BEGIN Dataset section
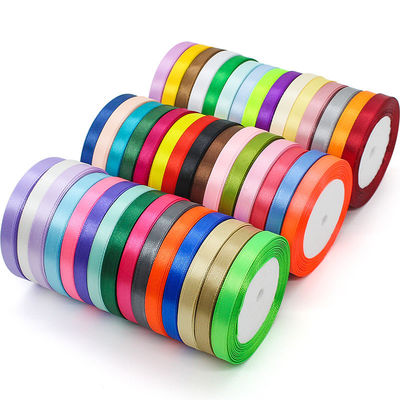 Single face assorted polyester nylon satin ribbon 100 yard 3mm-10mm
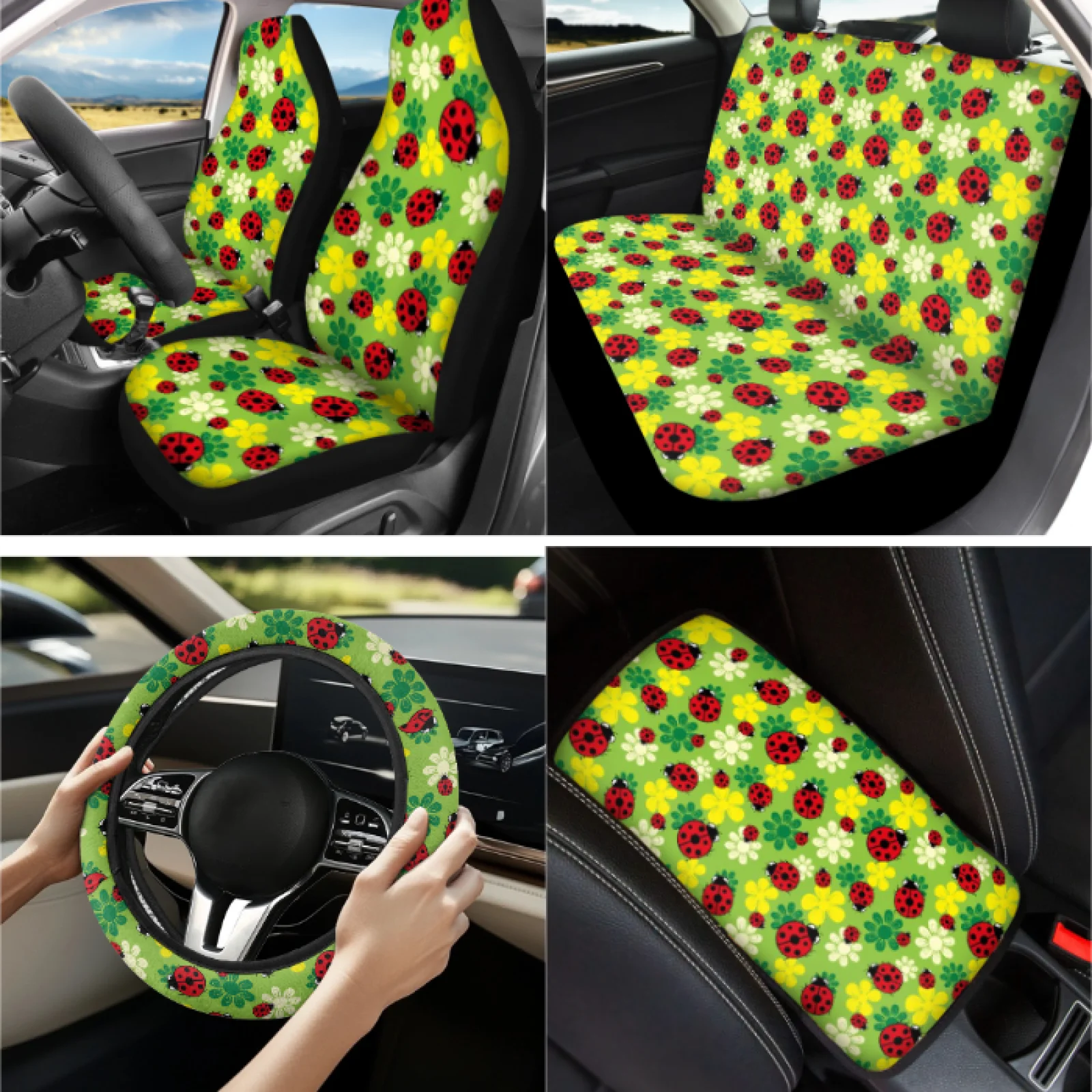 Coloranimal Flowers Print 13 PCS Auto Accessories with Protective Seat Belt Pads and Keychain Key Ring for Auto Interior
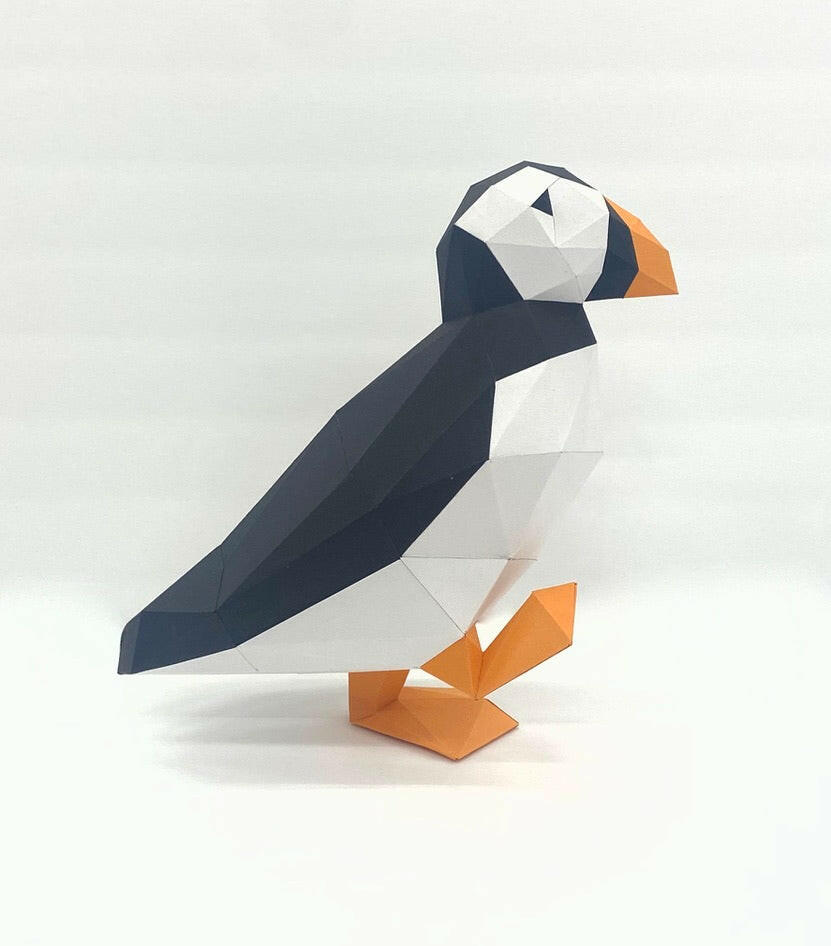 Puffin - papercraft kit low-poly style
END Dataset section
> [Exercise prompt]: For this exercise, retype the listing above word for word and omit the pictures.

> [Written answer]:
 Single face assorted polyester nylon satin ribbon 100 yard 3mm-10mm
 Coloranimal Flowers Print 13 PCS Auto Accessories with Protective Seat Belt Pads and Keychain Key Ring for Auto Interior
 Puffin - papercraft kit low-poly style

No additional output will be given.